[0034]Another
advantage of the present invention is that the need to perform
signal summation and scaling to derive the downmix signal at each TTO or TTT encoding block is eliminated, again reducing the computational requirement. These signal operations are represented by summation and scaling of the input channel-coefficients pair or triplet. While for simplicity the present description refers to input channel-coefficients, one skilled in the relevant art will recognize that an input channel-coefficient is a type of coincident-to-surround channel coefficient and that the present invention is equally applicable to any coincident-to-surround channel coefficient. In the present example, instead of the actual surround channel signals, only their respective channel coefficients are navigated through the encoding tree. Again, this is possible because signal downmixing and scaling are linear operations. The last encoding block outputs the dowmnix channel-coefficients matrix that is used to derive the output-downmix signals from the
microphone array signals.
[0035]For a stereo-based encoding configuration, one embodiment of the present invention provides an
advantage in terms of the derivation of matrix-compatible or 3D-stereo downmix. The post-
processing required to derive downmixes can, according to the present invention, be implemented efficiently by integrating the 2×2 conversion matrix into the stereo-downmix channel-coefficients matrix, practically adding no significant computational requirement.

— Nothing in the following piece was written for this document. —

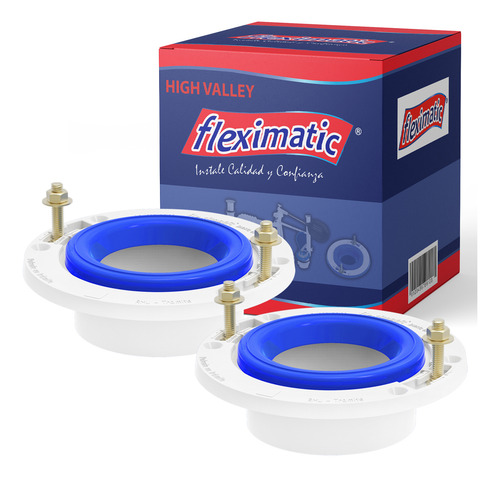 Kit 2 Brida Para Drenaje 4 Pulgadas Nacional Fleximatic 2578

[0036]The computational efficiency of the present invention, as compared to the MPEG Surround encoding schemes known in the prior art, is obvious and is clearly evident as shown in the following example. Assuming that the complexity of each
hybrid analysis filtering is f (in terms of the total number of operations), the encoding scheme of the present invention requires (N−M)·F less operations where N and M are the number of the surround sound channels and coincident microphone array signals, respectively. For a conventional 5.1 surround sound (6 surround channels) with a 3-channel B-format coincident recording, this improvement amounts to a complexity savings of 50% for the
hybrid analysis filtering alone. On the
spatial parameter calculation and signal downmixing for mono-based encoding, the complexity of the generic
encoder is estimated to be (40e) multiplications and (40e) additions, where e is the total number of time-frequency points. The complexity of the encoding scheme associated with embodiments of the present invention is estimated to be (19e) multiplications and (17e) additions. Therefore, there is at least a 50% savings on the encoding scheme of the present invention as compared to the generic encoding scheme of the prior art. This saving is significant considering that each encoding frame consists of 71-by-32 time-frequency points.
[0037]FIG. 5 shows the diagram of the proposed MPS encoding scheme according to one embodiment of the present invention. For this example, assume commonly used three-channel coincident microphone techniques. For simplicity of signal labeling, B-format signals (W, X and Y) are used. However, as will be recognized by one skilled in the relevant art, the invention is applicable to any coincident surround sound recording techniques with any number of microphone signals that utilize coincident-to-virtual microphone matrixing and is not limited by the B-format signals.
[0038]In the present example, at each frame,
hybrid analysis filtering 510 is performed on the B-format signals 520.
Signal energy of W, X and Y 520 and cross-correlations between the possible signal pairs W-X, W-Y and X-Y are calculated 530 at a maximum of 28 parameter bands. This set of parameter-band signal energies and cross-correlations form a common input 540 to all TTO and TTT encoding blocks. In this depiction the TTO and TTT encoding blocks are generalized as
spatial encoding 550. (additional details are shown in FIGS. 6a and 6b) From the
spatial encoding a downmix-channel matrix 560 is formed which is combined with T / F channel signals to generate downmix signals 570. Thereafter the downmix signals are synthesized back to the
time domain 330 thus producing a downmix output. The
spatial encoding tree 550 also produces spatial parameters 580 that is
bitstream formatted 590 producing a
spatial parameter bitstream. An additional result of the spatial encoding 550 are residual-signal coefficients. These coefficients are combined with signals produced by the T / F filtering 510 to generate 565 residual signals 585. These residual signals 585 are combined with spatial parameters 580 and formatted into a bit
stream 580
[0039]FIG. 6(a) illustrates the spatial encoding stage of a scheme for stereo-based encoding configuration according to one embodiment of the present invention. While the discussion that follows confers information about the encoding process from a functional point of view, one skilled in the art will recognize that each of the blocks depicted can represent specific modules, engines or devices configured to carry out the methodology described. Accordingly the block diagrams as shown are at a high level and not meant to limit the invention in any manner. Indeed the invention is only limited by claims defined at the end of this document. As opposed to the
tree structure shown in FIG. 4(b), the actual input surround-sound channels 640 are represented by their respective channel coefficients. The same representation applies to any other encoding tree configuration, as the present invention can be implemented in several different configurations.